Le prêt bancaire professionnel demeure à nos jours la source principale de financement des entreprises en France et en Europe. Cependant, cet outil subit l’action de deux forces antagonistes : la baisse historique des taux et le durcissement de la réglementation. WeShareBonds fait le point.

Le fonctionnement d’un prêt bancaire professionnel

L’une des missions d’une banque est de gérer globalement son bilan et de faire en sorte que les flux entrants correspondent aux flux sortants à différentes échéances. C’est ce que l’on appelle la gestion actif/passif. Chaque particulier ou entreprise adopte d’ailleurs ce même principe pour être sûr de pouvoirs payer ses factures à la fin du mois…

Dans le bilan simplifié d’une banque l’on a d’un côté les actifs (ou emplois) qui sont les prêts et les investissements, et de l’autre côté les ressources (ou passifs) qui sont les dépôts de clients, les emprunts réalisés et les fonds propres.

Les banques se financent via leur banque centrale qui est la banque des banques. (soit directement auprès d’elle soit indirectement auprès d’autres établissements).

  • ainsi une banque qui a besoin d’argent pour prêter va emprunter auprès d’autres banques au taux interbancaire ou bien se refinancer auprès de la banque centrale (en mettant des actifs en garantie). Pour cela, la base de taux de base sera le taux interbancaire qui est dérivé « du Taux directeur » fixé par la banque centrale ;
  • à l’inverse une banque qui a un surplus de liquidité peut prêter cet argent. Elle peut aussi le laisser sur son compte de dépôt à la banque centrale. Il sera alors rémunéré au « Taux de dépôt ».

Au final, la banque va fixer le taux de ses prêts en fonction de :

  • son propre taux de financement,
  • une marge en plus en fonction du risque estimé.

La banque va également prendre en compte plusieurs éléments tels que

  • l’historique de la relation commerciale globale existante,
  • la présence ou non de garantie (nantissement ou caution de l’emprunteur),
  • la présence d’une contre-garantie émise par des tiers tels que la BPI par exemple).

Une situation inédite sur les taux

La banque est par ailleurs soumise à quelques contraintes :

  • elle doit à tout moment maintenir des réserves obligatoires (principalement fonction du montant des dépôts de ses clients) sur un compte auprès de la banque centrale. Ce ratio a été rabaissé à 1%
  • pour se refinancer auprès de la banque centrale, elle doit avoir à son bilan en contrepartie des actifs « éligibles »
  • du fait des réglementations dîtes de Bâle I, II et III. Il a été introduit des ratios (renforcés suite à la crise en 2010) de fonds propres minimum obligatoires sur les actifs de la banque pondérés. Ainsi, à montant égal une dette d’État pèsera beaucoup moins qu’un prêt PME dans le calcul du total de bilan. Et les bilans sont régulièrement soumis à des « stress tests ».

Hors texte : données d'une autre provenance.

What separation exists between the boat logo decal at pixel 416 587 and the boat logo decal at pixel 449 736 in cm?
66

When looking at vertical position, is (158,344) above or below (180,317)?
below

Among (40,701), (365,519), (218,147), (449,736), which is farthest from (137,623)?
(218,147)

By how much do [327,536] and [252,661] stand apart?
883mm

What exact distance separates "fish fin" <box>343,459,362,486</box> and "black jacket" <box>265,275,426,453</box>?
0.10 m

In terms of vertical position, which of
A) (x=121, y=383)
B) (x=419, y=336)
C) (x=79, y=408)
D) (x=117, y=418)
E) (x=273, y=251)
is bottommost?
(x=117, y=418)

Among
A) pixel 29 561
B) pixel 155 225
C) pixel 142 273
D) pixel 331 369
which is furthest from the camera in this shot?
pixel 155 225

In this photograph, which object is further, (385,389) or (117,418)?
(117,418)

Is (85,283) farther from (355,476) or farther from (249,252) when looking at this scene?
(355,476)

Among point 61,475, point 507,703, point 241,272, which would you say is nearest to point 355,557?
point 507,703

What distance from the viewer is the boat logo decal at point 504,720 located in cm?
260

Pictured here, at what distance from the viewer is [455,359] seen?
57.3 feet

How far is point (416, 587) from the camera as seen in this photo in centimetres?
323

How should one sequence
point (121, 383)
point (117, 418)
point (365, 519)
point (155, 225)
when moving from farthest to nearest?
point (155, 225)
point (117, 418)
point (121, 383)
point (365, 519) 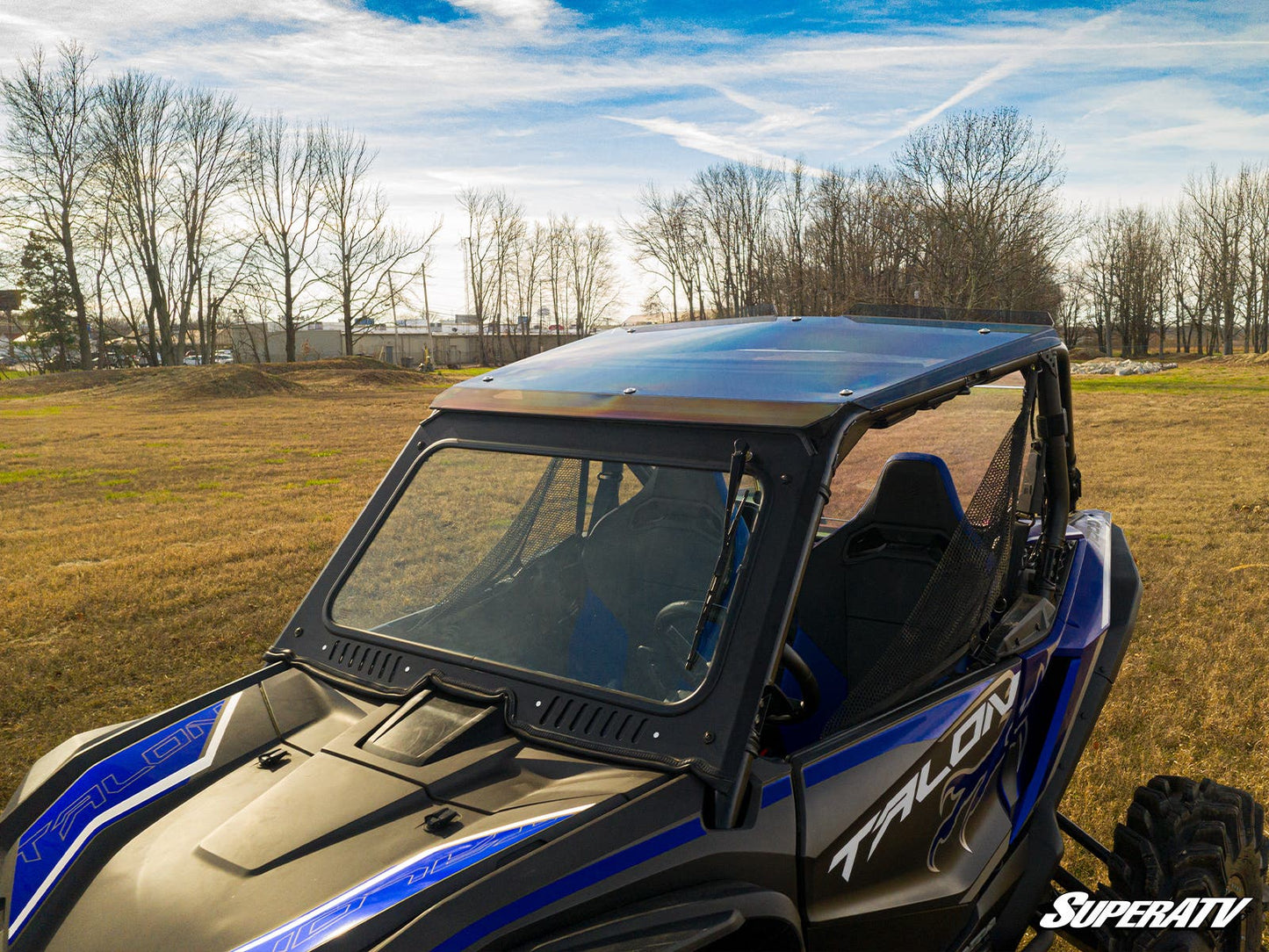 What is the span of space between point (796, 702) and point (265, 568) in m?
6.77

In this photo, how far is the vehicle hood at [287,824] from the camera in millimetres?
1521

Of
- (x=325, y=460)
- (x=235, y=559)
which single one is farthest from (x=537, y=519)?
(x=325, y=460)

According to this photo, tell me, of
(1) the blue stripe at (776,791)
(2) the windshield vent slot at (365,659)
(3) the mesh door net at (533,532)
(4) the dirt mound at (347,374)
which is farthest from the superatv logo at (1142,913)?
(4) the dirt mound at (347,374)

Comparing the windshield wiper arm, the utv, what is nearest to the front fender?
the utv

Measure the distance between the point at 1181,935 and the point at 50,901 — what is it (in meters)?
2.59

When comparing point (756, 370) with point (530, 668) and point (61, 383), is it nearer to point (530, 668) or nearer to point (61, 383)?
point (530, 668)

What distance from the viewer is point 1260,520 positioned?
30.1ft

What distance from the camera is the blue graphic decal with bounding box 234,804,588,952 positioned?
1.44 m

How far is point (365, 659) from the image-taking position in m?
2.29

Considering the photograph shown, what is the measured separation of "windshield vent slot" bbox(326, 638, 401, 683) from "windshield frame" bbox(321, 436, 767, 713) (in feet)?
0.09

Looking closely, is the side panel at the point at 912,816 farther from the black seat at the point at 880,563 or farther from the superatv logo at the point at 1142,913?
the black seat at the point at 880,563

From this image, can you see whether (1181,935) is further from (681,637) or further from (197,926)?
(197,926)

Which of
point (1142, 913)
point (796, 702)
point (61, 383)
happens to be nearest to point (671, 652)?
point (796, 702)

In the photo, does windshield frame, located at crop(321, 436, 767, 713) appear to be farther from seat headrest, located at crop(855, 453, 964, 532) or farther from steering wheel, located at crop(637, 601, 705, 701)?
seat headrest, located at crop(855, 453, 964, 532) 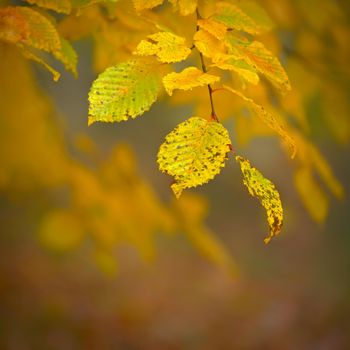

Depuis quelques années, il se produit une situation inédite. Afin de relancer l’économie, les taux directeurs et de dépôt sont devenus négatifs. Ce qui implique que les liquidités que vous déposez et qui ne sont pas immédiatement prêtées coûtent de l’argent à votre banque : -0,4%/an !

Par ailleurs la BCE a entamé une politique dite non conventionnelle de « quantitative easing » consistant à racheter massivement de la dette étatique (ou d’acteurs privés) sur le marché secondaire (du fait des traités européens elle ne peut directement financer le déficit d’un État en souscrivant directement sa dette – les OATs). Cela a eu pour effet d’augmenter, la demande et de maintenir des taux d’intérêt très bas voire négatifs.